At first I underwhelmed just a bit. Just 15:09 instead of sub-15. So I worked harder. Then I got paler—extremely pale—anemic again. And so I underwhelmed a bit more. The more upset I became, the harder I worked, and the sicker I got. But I kept the faith. The state championship was my chance for redemption.

I held the record on that course, set in September when I was a Trackie king. That was confidence for me. But jogging in the cold air before the gun, the stilts beneath carried me without their former strength, looked just a bit too pale—a runner notices everything about legs.

The pistol fired, and I jumped to the lead with two trackie friends, Brian Rhodes-Devey and Steve Murdock, and we cut the brittle air 20, then 30, then 40 meters ahead of the rest of New York State. I was a sprinter by birth, though a marathoner from my hours logged. They were pure distance runners. If I stayed glued to them until the final sprint, I could win.

We peaked the first sandy hill, then the second, and then approached the two-mile mark and the third—hilliest and sandiest—hill.

By the top of that hill my season was over. Lactic acid—a chemical about which I was one of the world’s leading authorities—poisoned my hamstrings. Through eight years of runs I had cultivated—if I may say so—an elegant, graceful stride. But there was neither elegance nor grace in the agonized waddle that carried me over the final mile, as I fell to fifth place, then tenth, then twentieth. I rounded the final bend just in time to see Brian and Steve sprinting for my win.

I couldn’t be reached for comment afterwards. Running had forsaken me. And running was my only consolation. Official practices were over, so for two weeks I ran straight from school’s end to dinner-time—3:00 to 6:30 p.m., or about enough time for a little over 30 miles in the miserable, stygian dusk of Upstate’s late November. Athletic suicide, I knew. The worst possible thing before Foot Lockers, I knew. My anemia would just get worse, I knew. But I couldn’t stop—running was my only comfort against running.

Maybe I’m just a chaste soul, but when Harold Bloom first read me Shakespeare’s 129th sonnet, I thought of the old impulse to run:

“Past reason hunted, and no sooner had

Past reason hated, as a swallow’d bait

On purpose laid to make the taker mad;

Mad in pursuit and in possession so;

Had, having, and in quest to have, extreme;

A bliss in proof, and proved, a very woe;

Before, a joy proposed; behind, a dream.

All this the world well knows; yet none knows well

To shun the heaven that leads men to this hell.”

I walked away from running, three years ago, after just shy of one year on the track team.
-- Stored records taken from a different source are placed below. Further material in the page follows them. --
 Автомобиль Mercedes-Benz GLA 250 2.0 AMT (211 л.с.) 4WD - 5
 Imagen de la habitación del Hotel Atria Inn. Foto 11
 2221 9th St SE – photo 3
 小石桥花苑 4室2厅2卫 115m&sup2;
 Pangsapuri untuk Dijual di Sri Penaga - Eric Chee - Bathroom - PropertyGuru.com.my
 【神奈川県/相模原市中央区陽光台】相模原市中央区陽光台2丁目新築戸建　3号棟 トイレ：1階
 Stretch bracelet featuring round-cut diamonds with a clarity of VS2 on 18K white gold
I don’t quite remember why I decided to quit—maybe a conviction that I should do better things with my time, maybe a conviction that I had already hit my peak. But I do miss it.
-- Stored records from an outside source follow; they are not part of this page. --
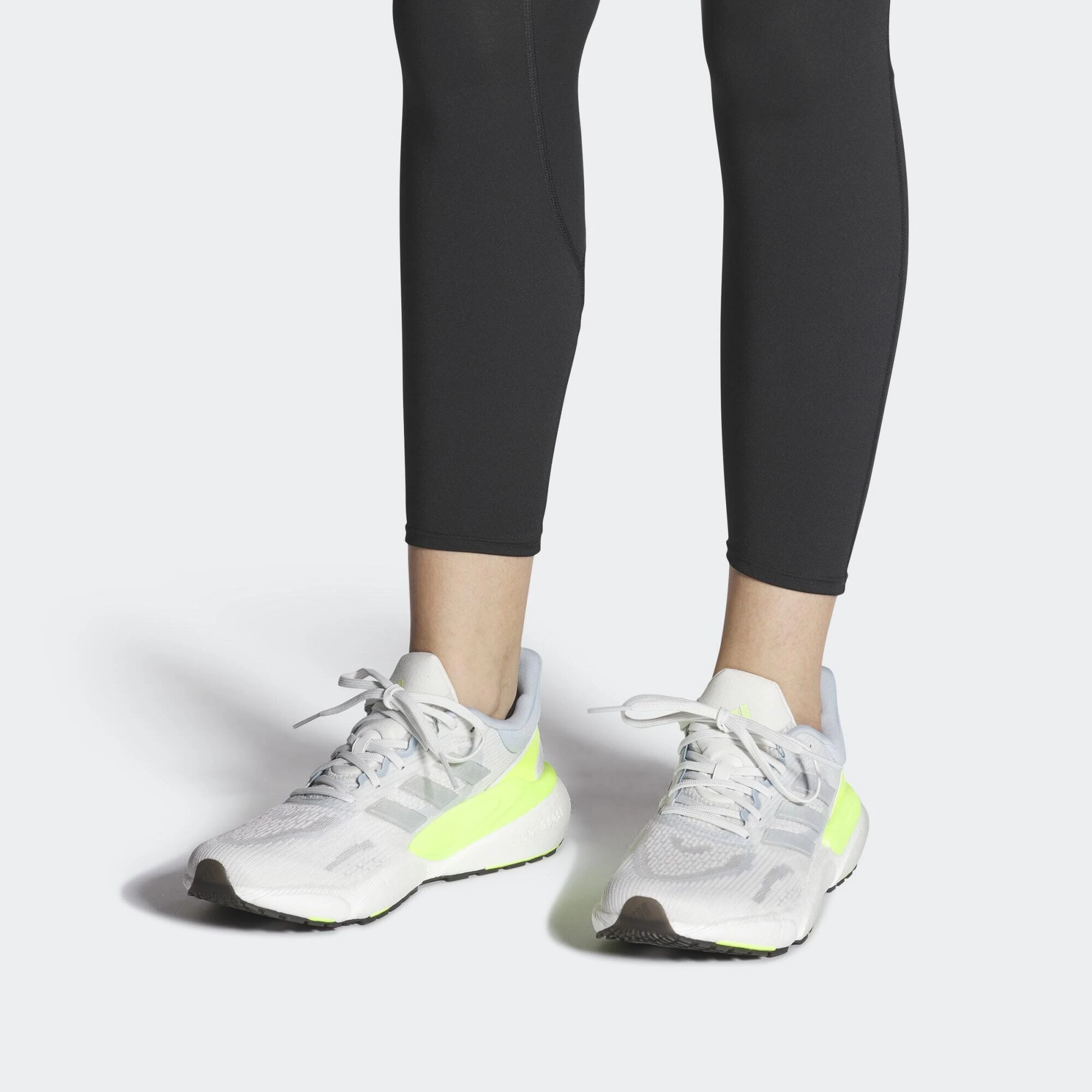 ADIDAS Solarboost 5 Shoes 3 ADIDAS Solarboost 5 Shoes - Image 3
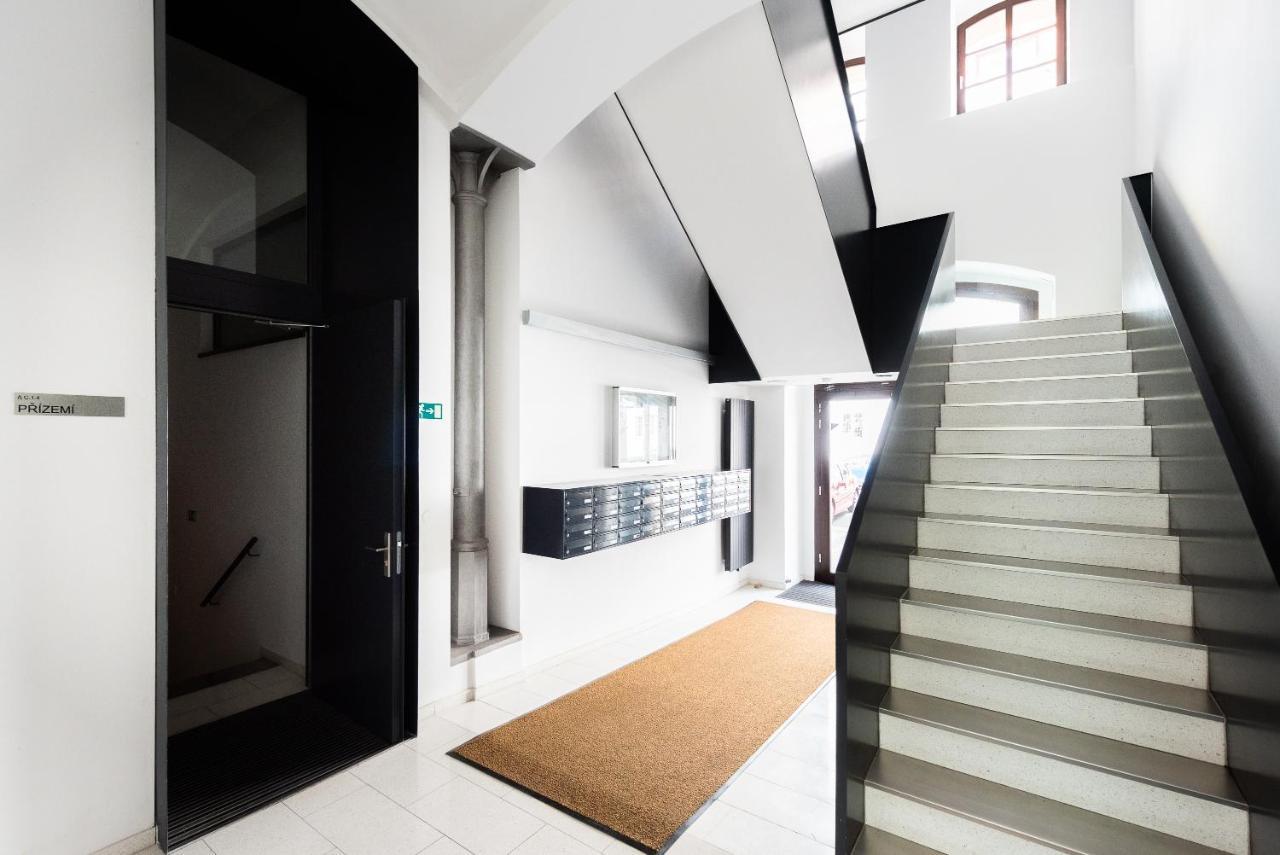 Apartment With Balcony And Parking Near The Prague Museum エクステリア 写真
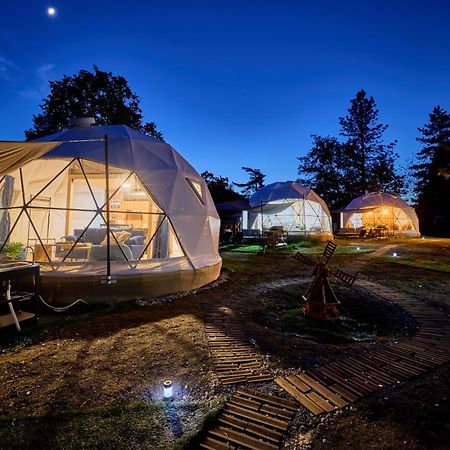 Glamping Slapy Hotel Exterior photo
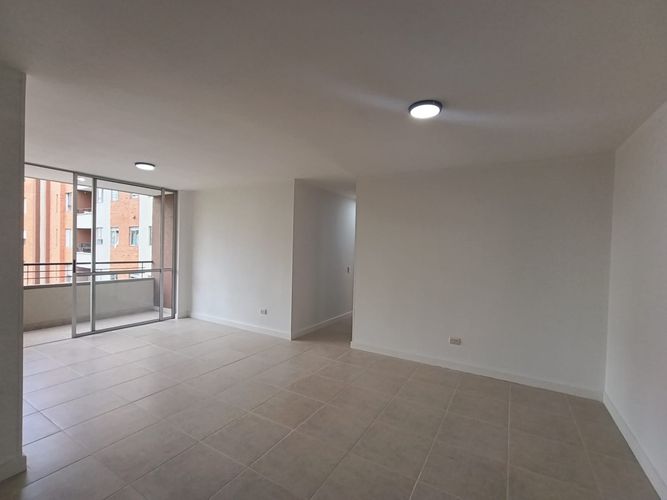 Apartamento de 3 alcobas en arriendo en Loma Del Esmeraldal, Envigado, 90 m² · foto 4 de 20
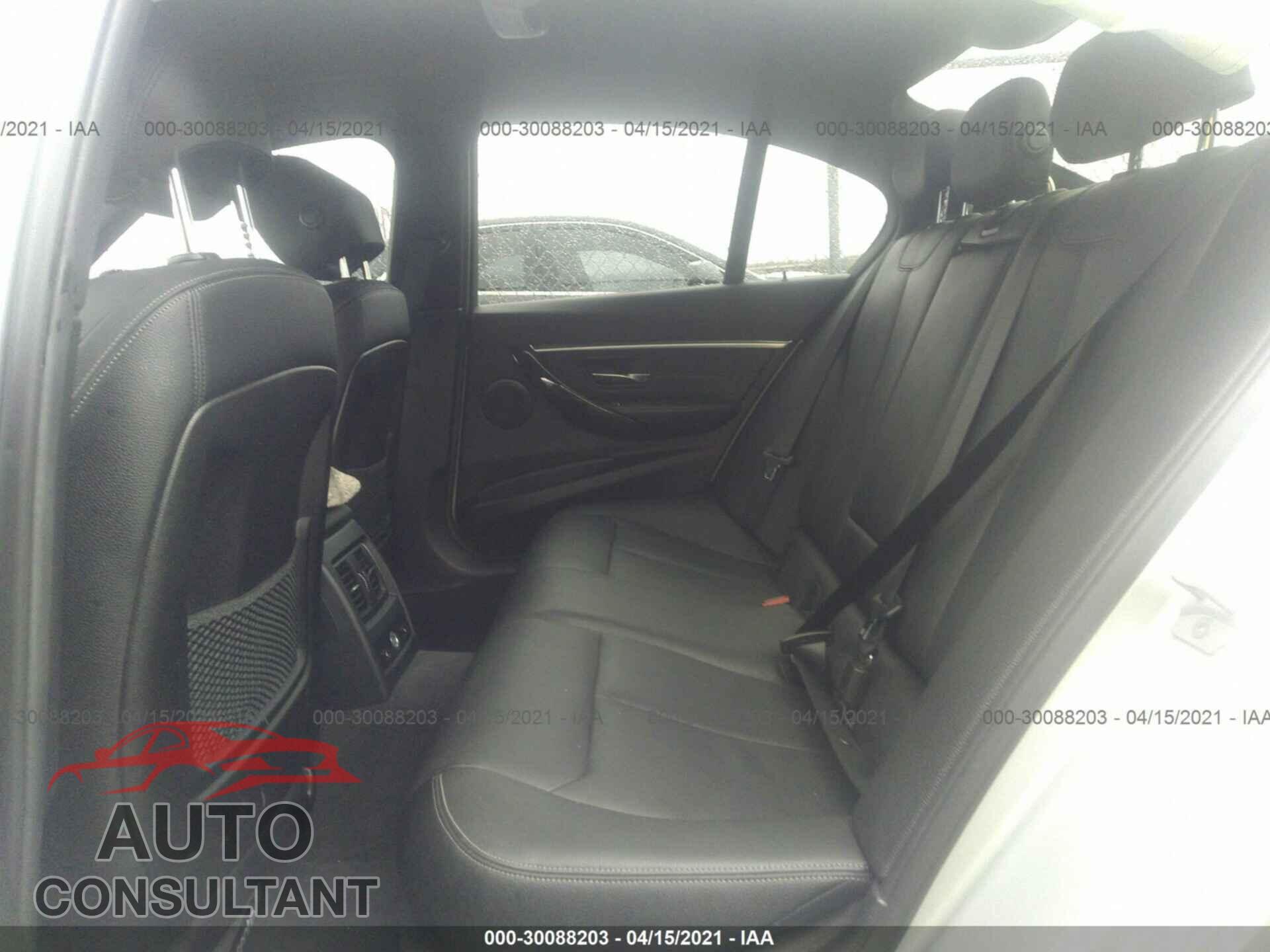 BMW 3 SERIES 2016 - WBA8E3G56GNU04244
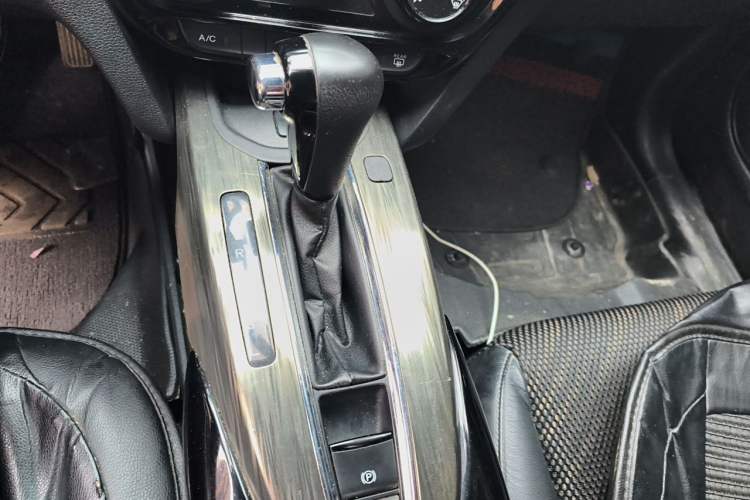 Used Honda XR-V 2015 1.8L EXi CVT Comfort Version Gear Lever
For the rest of my life I’ll probably labor in obscurity. But if I go back home in two years, and sneak into the high school, I’ll still see my one-mile and two-mile records there. Some day some kid might break those track records. But as for the 16:03 on the deadly hills of Bethlehem Town Park, that record will never be beaten. I’m willing to bet on that.

I’ll remember that when I die. I mean that.
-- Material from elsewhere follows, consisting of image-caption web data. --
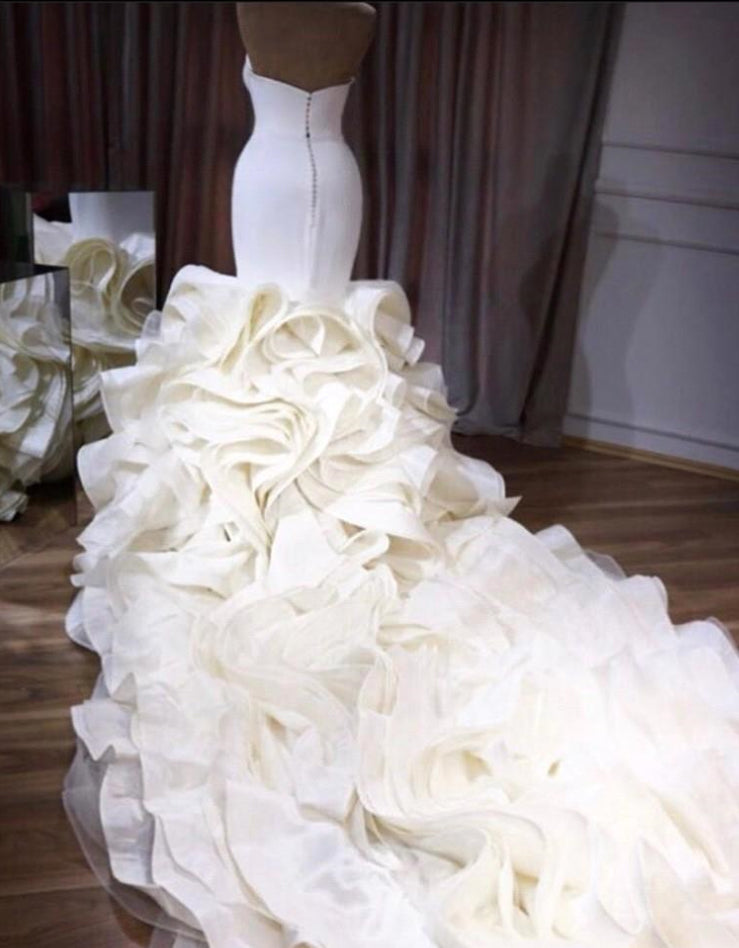 Atemberaubendes trägerloses Brautkleid im Meerjungfrau-Stil mit gestufter Organza-Paspelierung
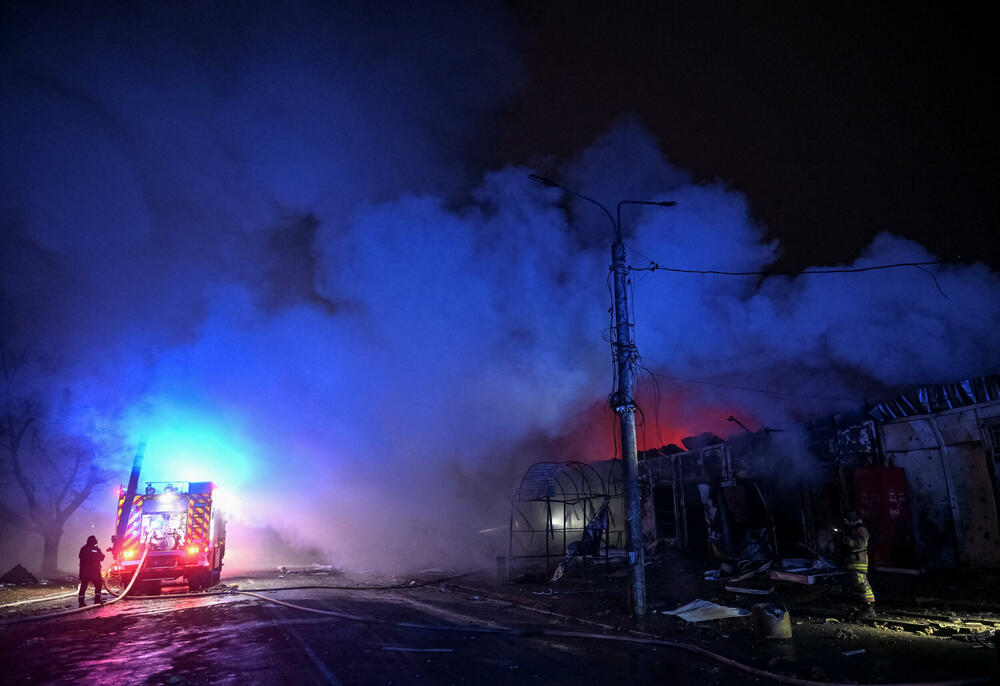 <p>Ukrajina je takođe odbacila ruske navode da su njene snage preuzele velike djelove još dva grada &mdash; Pokrovska, logističkog čvorišta koje Rusija pokušava da zauzme mjesecima, i Volčanska, blizu ruske granice</p>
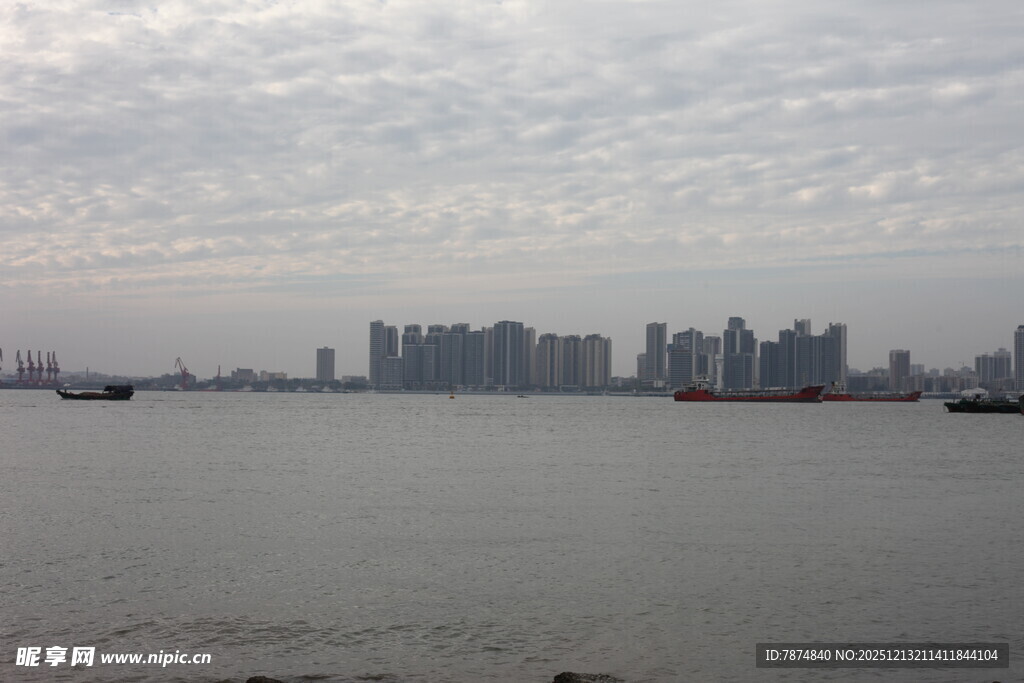 江边城市天际线景观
Every sport is a cult, in the best way. Professionals and traditional matches (like the Game) aside, each sporting event has almost no significance to the world outside of itself. But to the athletes and fans it is something for which extravagant sacrifices are happily made. Art for art’s sake—the motto of the decadents. Victory for victory’s sake—the politicians’ motto. Running for running’s sake—what, I suspect, motivates the men’s XC team.